司馬瀾兮看著她坐在地上蜷曲成一團的樣子心底暗自發笑,這個樣兒可真真是像他曾經想過的她,渾身沾滿了尖刺的小刺猬,窩在地上蜷曲成一團,這可不就是小刺猬團子嗎?說他是臭石頭?他哪裏是又臭又硬的了?倒是石頭不怕刺猬的尖尖針刺。

他狠聲威脅道:“讓你起來沒聽到麽?是要我拉你起來還湊你一頓你再乖乖的起來?”邊說著邊朝她伸出了手。

柳扶風抗議的瞪了他一眼,這算什麽,還要揍她呢!她挪了身子,背著他,嘴裏又咒罵了句,“臭石頭!”

司馬瀾兮冷臉,屈身把她抱起往屋子送。“給你好臉子,你倒越發得寸進尺了!”若她還是七歲那會兒,他定要在她的屁股上打上幾巴掌,叫她長長記性。

“臭石頭,你放我下來。”柳扶風掙脫著,可司馬瀾兮根本不理會她,抱著她進了裏屋便把她丟在床上,依舊寒著臉,“越發不守禮教了,我是你長輩,你豈能當著長輩的面胡言亂語!”

“誰說你我長輩了,我是扶風,不是孟知婳!”她糾正著。他最多她大哥哥,怎麽能平白就大了一輪。可她說出了後她就後悔了,雖然他心底有數了,但這樣大刺刺的說出來還是不好。

眼下,就僵場了。

她掩著口,心底暗暗責怪自己越發小孩子氣了,想什麽就說什麽,她從前不是這樣的,天知道她怎麽在他面前就沒了穩重的性子。可他知道她是柳扶風了,便不是司馬家真正的媳婦兒,他要怎麽處置她?

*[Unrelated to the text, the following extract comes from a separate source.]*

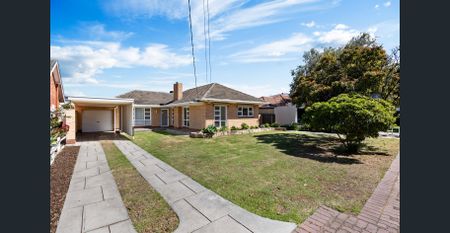 Family Living Between City & Sea - Photo 2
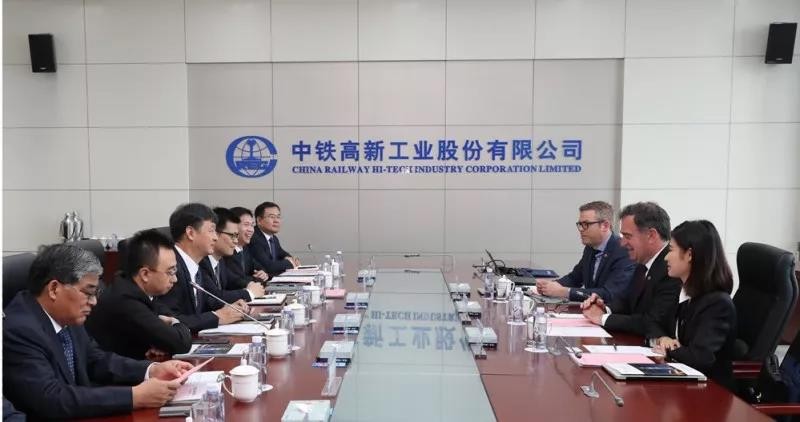 中鐵工業總經理李建斌會見英國謝菲爾德市政廳行政長官一行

屋子裏靜默的能叫她聽見心跳聲,半晌,聽見司馬瀾兮說了句,“把手伸出來。”

柳扶風在他面前就像是做錯了事情的小孩,她不知道他要幹什麽卻只得膽怯著又乖乖的伸出了手。

“啪!”的一聲,司馬瀾兮一巴打在她手上,疼得她“嘶!”的倒抽了好幾口氣,眼淚巴巴的又往外淌,“你真打我!”

天!她又哭了,他這一巴掌打重了?

“這一巴掌是叫你長些記性,有些話能胡侃,有些話卻千萬不能叫外頭人知道。”他看著她拿手揉眼睛,沒奈何的坐去床邊拂開她的手,用這袖子替她拭淚,“別拿手擦眼睛。”頓了頓,又說道:“你剛才那話對我說也就罷了,若是換了他人,你該怎麽辦?”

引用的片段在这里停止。